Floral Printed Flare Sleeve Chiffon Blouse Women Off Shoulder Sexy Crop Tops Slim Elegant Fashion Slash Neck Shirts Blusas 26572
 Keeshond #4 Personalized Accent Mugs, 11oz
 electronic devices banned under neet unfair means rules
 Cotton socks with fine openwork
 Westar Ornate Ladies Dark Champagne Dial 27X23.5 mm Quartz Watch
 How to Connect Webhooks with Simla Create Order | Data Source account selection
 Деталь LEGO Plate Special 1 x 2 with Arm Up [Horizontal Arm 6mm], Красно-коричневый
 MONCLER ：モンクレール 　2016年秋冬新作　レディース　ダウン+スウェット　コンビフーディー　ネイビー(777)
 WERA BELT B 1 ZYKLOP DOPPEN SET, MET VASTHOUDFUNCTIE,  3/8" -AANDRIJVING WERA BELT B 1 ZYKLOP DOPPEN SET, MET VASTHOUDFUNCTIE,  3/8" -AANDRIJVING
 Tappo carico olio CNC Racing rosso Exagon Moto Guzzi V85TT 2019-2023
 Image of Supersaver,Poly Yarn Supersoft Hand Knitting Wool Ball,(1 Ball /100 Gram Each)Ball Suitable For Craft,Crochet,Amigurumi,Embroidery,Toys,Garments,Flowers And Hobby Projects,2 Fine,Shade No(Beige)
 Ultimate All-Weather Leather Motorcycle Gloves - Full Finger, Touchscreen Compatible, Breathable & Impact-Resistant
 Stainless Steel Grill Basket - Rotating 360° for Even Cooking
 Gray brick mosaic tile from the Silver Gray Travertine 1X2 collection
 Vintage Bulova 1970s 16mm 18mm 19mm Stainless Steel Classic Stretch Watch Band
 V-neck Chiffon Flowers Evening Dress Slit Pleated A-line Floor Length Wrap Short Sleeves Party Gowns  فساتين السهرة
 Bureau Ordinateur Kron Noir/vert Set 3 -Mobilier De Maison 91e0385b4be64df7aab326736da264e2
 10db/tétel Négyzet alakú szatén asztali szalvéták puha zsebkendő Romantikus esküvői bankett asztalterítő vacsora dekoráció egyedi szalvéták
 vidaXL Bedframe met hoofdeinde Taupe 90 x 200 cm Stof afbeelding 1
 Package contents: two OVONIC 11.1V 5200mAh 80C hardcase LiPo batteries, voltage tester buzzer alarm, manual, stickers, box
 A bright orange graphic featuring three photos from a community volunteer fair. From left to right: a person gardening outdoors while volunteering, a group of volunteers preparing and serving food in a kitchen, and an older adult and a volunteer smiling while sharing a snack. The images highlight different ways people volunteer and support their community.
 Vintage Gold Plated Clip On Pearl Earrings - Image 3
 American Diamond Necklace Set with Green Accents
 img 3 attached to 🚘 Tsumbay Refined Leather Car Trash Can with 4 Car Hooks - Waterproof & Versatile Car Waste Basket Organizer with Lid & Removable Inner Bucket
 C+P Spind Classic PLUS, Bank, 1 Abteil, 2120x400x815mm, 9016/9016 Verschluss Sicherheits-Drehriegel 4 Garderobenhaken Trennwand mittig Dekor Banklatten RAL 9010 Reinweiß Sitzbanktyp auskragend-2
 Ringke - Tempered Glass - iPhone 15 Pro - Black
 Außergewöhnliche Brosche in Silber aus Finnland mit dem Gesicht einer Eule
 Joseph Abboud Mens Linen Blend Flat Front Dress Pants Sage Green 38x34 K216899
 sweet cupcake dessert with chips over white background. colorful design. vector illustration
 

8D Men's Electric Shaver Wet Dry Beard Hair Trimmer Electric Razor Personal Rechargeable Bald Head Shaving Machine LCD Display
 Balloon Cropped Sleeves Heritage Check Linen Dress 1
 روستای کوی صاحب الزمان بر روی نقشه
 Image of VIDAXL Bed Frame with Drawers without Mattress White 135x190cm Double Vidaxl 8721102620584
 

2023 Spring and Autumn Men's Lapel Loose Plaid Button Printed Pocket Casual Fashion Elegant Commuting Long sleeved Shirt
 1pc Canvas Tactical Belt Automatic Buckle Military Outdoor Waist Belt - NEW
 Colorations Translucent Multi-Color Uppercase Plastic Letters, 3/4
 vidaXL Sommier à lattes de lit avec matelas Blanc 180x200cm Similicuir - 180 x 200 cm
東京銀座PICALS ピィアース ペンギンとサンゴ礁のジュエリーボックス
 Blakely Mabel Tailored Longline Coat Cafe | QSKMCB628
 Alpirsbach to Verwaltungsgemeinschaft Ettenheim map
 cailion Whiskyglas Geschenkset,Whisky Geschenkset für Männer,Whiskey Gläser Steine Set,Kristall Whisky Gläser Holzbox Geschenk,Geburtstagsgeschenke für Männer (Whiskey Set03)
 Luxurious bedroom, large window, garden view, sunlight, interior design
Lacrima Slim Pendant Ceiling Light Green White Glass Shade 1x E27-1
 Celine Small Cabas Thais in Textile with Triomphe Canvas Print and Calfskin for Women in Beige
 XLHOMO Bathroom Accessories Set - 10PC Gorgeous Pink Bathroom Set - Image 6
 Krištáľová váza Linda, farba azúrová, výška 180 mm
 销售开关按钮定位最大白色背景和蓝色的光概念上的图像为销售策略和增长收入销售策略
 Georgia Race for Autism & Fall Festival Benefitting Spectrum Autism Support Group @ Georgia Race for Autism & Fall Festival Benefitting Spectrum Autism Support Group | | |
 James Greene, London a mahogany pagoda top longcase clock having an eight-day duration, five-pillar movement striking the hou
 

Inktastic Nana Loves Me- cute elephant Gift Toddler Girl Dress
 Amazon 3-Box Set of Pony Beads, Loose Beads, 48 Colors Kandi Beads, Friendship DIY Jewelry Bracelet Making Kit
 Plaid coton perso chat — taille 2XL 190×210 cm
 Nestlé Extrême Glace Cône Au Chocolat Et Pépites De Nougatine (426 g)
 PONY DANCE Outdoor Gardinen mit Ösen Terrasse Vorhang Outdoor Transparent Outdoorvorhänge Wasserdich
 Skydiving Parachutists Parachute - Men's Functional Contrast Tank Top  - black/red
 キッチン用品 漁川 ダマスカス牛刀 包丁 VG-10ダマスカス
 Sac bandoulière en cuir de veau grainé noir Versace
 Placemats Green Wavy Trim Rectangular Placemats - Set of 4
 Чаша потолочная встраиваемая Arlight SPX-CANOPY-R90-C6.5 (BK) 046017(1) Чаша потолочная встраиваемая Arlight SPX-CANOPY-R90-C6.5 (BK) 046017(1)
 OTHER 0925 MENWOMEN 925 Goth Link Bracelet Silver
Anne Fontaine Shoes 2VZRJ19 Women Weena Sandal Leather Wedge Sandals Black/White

EXERCISE AIM:
Only one span is to be repeated: the line with "Placemats Green Wavy" through the final line of the entries above, word for word.

FINISHED EXERCISE:
 Placemats Green Wavy Trim Rectangular Placemats - Set of 4
 Чаша потолочная встраиваемая Arlight SPX-CANOPY-R90-C6.5 (BK) 046017(1) Чаша потолочная встраиваемая Arlight SPX-CANOPY-R90-C6.5 (BK) 046017(1)
 OTHER 0925 MENWOMEN 925 Goth Link Bracelet Silver
Anne Fontaine Shoes 2VZRJ19 Women Weena Sandal Leather Wedge Sandals Black/White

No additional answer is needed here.